In this paper, we hypothesized that ElectroMagnetic Pulse (EMP) signals of transient and wide-band nature are generated when gram or larger size meteoroids impact the lunar surface. Based on this hypothesis, we used the HO and AO radar systems operating near 440 MHz frequency in both active radar and TDRA (Time-Domain Radio Astronomy) modes in two sets of observations to search for EMPs and to cross-calibrate the systems while simultaneously tracking the Moon. Delay-Doppler radar imaging of the Moon was used to confirm overall calibration and synchronization of the two systems while Time–frequency signal detection methods were applied to search for lunar meteoroid impact generated EMPs. Even though the hypothesized EMP events were not conclusively detected, we have established that the results (Figs. 8, 9) validate the observational setup and observations as both of the TDRA receive systems see the same common terrestrial origin Moon bounce (TOMB) events. Further, we report the AO detection of candidate-EMP events that, while not observed at HO, should not have been detected given the sensitivity difference in the two systems and the high level of interference at HO during these observing periods.
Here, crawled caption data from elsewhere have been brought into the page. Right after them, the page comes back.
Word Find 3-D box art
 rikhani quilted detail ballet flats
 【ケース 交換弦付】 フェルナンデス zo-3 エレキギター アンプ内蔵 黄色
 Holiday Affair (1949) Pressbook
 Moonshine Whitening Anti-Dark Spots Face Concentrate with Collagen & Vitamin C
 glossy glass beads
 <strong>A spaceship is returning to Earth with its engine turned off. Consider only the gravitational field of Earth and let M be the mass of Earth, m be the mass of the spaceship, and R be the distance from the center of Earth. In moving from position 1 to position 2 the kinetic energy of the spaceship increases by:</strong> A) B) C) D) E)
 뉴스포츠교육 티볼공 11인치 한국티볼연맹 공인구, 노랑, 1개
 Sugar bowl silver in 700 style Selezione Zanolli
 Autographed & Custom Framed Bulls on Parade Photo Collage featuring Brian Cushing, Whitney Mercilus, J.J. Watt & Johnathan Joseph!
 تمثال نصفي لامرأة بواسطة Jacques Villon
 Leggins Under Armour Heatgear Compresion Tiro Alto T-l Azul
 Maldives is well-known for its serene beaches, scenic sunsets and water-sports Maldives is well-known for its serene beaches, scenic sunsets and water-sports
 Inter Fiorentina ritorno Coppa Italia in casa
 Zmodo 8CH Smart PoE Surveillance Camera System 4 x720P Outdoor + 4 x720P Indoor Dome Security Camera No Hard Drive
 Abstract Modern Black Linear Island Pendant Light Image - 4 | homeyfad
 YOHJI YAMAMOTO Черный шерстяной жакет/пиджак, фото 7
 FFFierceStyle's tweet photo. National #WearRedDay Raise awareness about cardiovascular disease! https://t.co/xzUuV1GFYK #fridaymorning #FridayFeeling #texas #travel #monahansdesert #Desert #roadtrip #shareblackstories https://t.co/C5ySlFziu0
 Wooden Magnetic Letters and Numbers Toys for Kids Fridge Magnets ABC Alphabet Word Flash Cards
To increase the chances of valid EMP detection, future observations have to be conducted when the power-line arcing in the transform yard at HO has been eliminated. Additionally, amateur radio repeater interference removal techniques have to be developed to clean and process the data collected at the HO. The upper-frequency can also be limited to 445 MHz to avoid the interference signals although strong, out-of-band signals would remain an issue. Alternatively, the Arecibo L-band ALFA array covers the “protected” cold-hydrogen radio astronomy band (57 MHz bandwidth from 1.37 to 1.427 GHz) and offers an alternative EMP search mechanism that uses the cluster of seven dual polarization feeds that together largely illuminate the Moon. These observations were proposed and conducted on 02–14–2016 at AO with data reduction ongoing. Further, possible simultaneous optical telescope lunar observations during the radio observations may, with considerable luck, detect an EMP associated with a bright lunar meteoroid impact optical flash.